Please reproduce all of the listing below exactly and drop its images.
**********
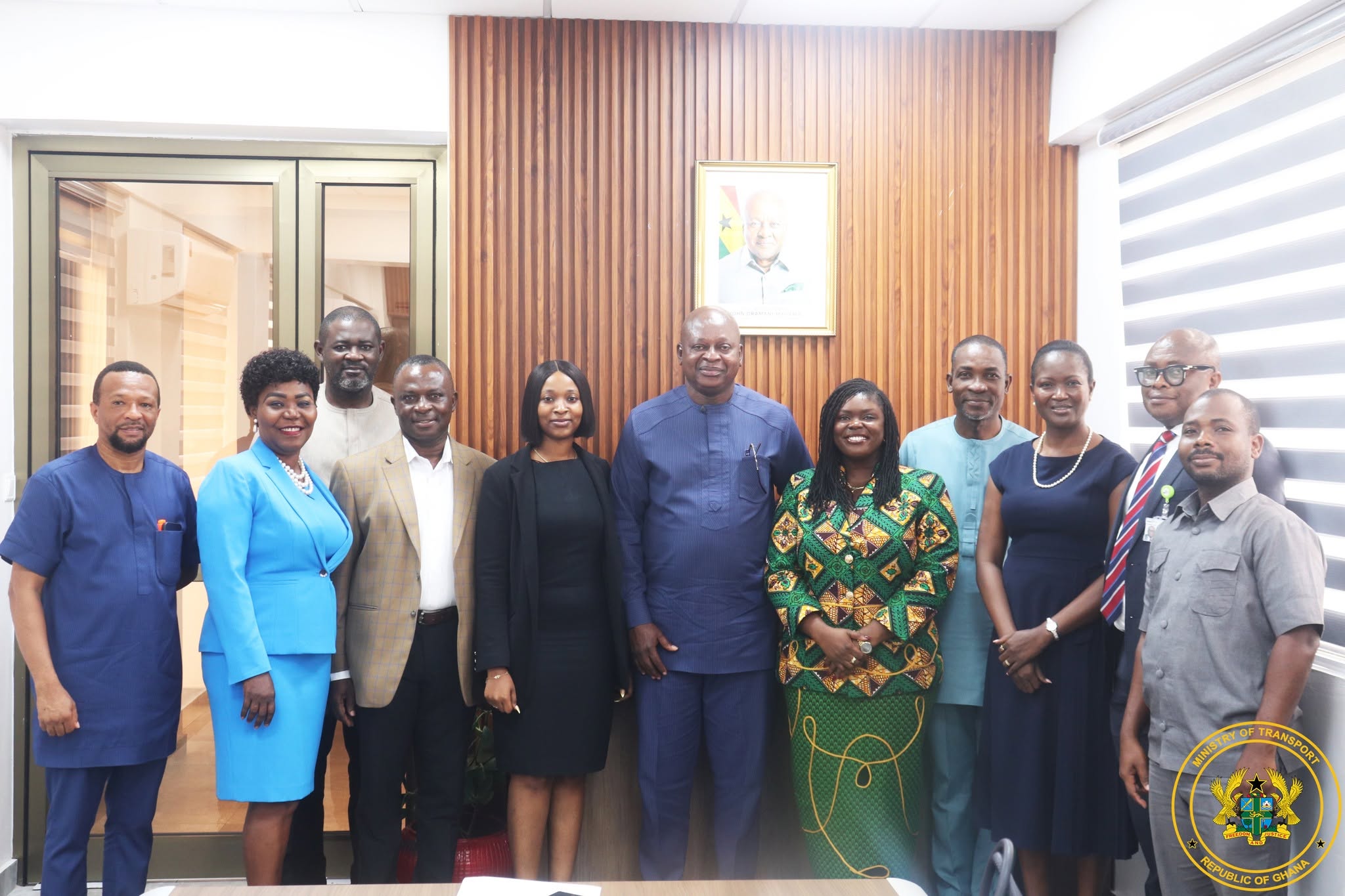 MINISTER FOR TRANSPORT INAUGURATES NATIONAL COMMITTEE TO IMPLEMENT ECOWAS COMMON POLICY ON AVIATION CHARGES, TAXES AND FEES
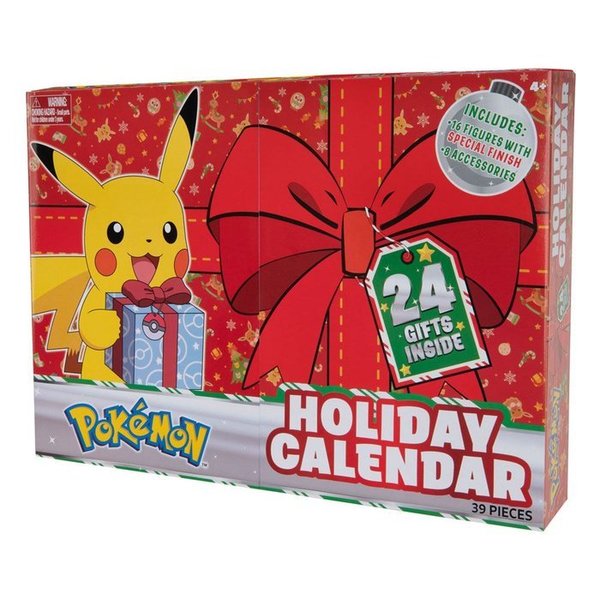 Pokemon Calendrier De L Avent Boti King Jouet Calendriers De L Avent Boti Fetes Deco Mode Enfants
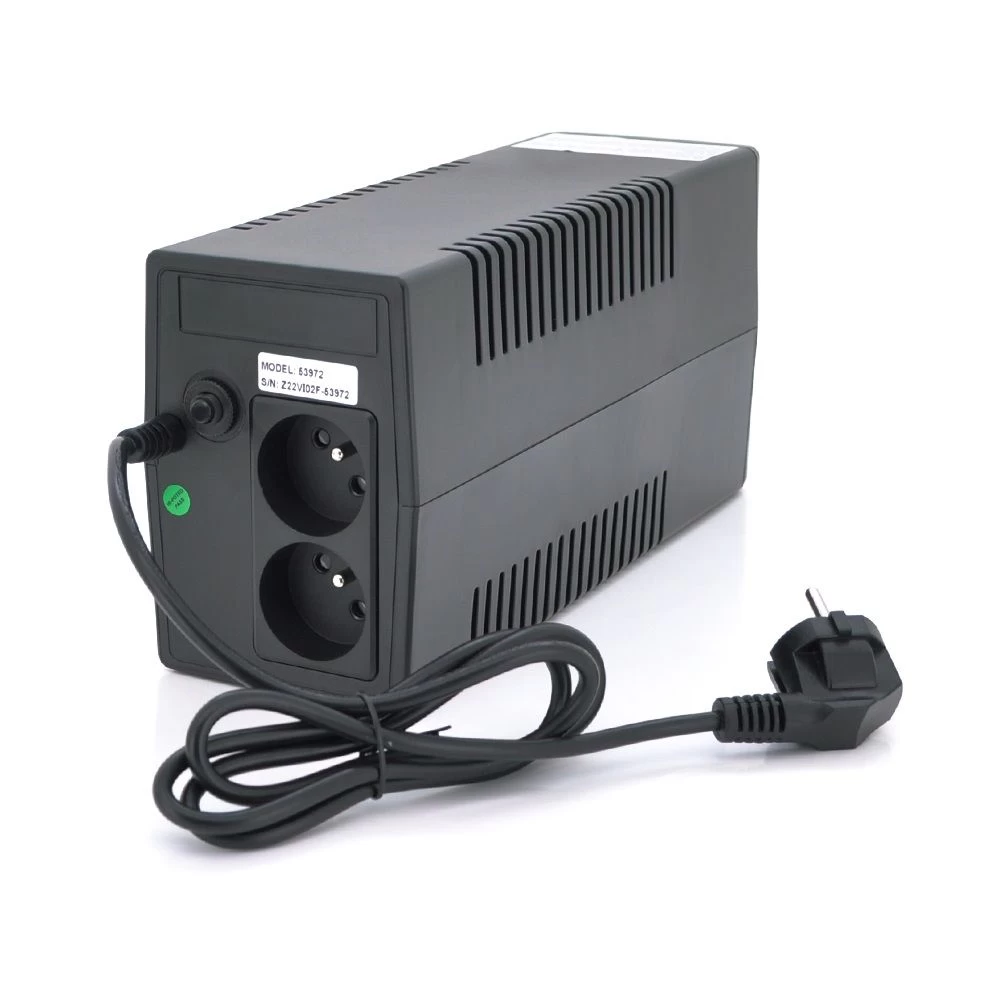 Qoltec QLT1000L-23972/29586 (UA) Тип: резервний (Off-Line); Потужність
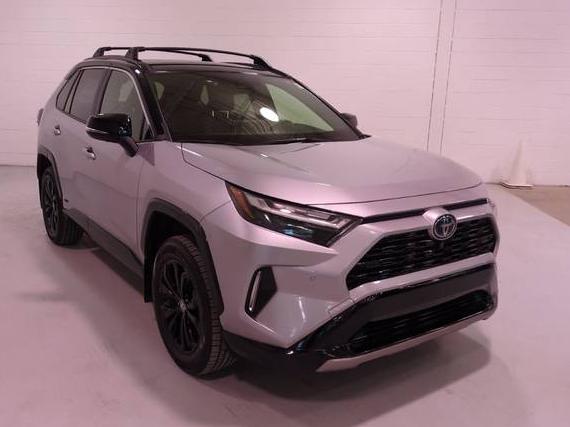 TOYOTA RAV4 2022 JTME6RFV9ND522590 image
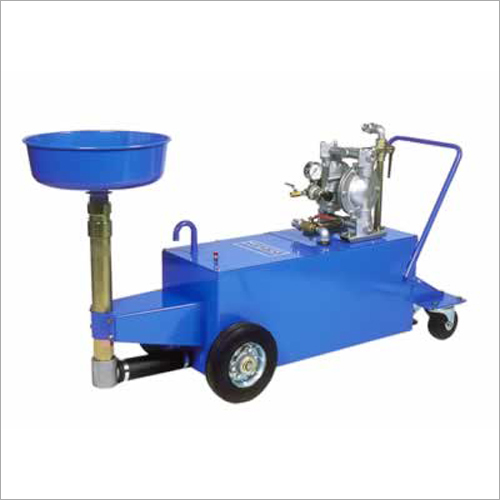 Waste Oil Drainer With Pump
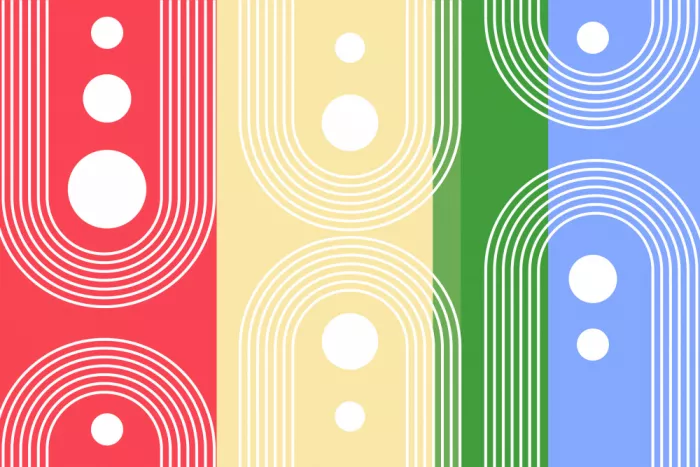Skellern, Sue: Abstracción geométrica nº 14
**********
### COMPLETED TASK
 MINISTER FOR TRANSPORT INAUGURATES NATIONAL COMMITTEE TO IMPLEMENT ECOWAS COMMON POLICY ON AVIATION CHARGES, TAXES AND FEES
 Pokemon Calendrier De L Avent Boti King Jouet Calendriers De L Avent Boti Fetes Deco Mode Enfants
 Qoltec QLT1000L-23972/29586 (UA) Тип: резервний (Off-Line); Потужність
 TOYOTA RAV4 2022 JTME6RFV9ND522590 image
 Waste Oil Drainer With Pump
Skellern, Sue: Abstracción geométrica nº 14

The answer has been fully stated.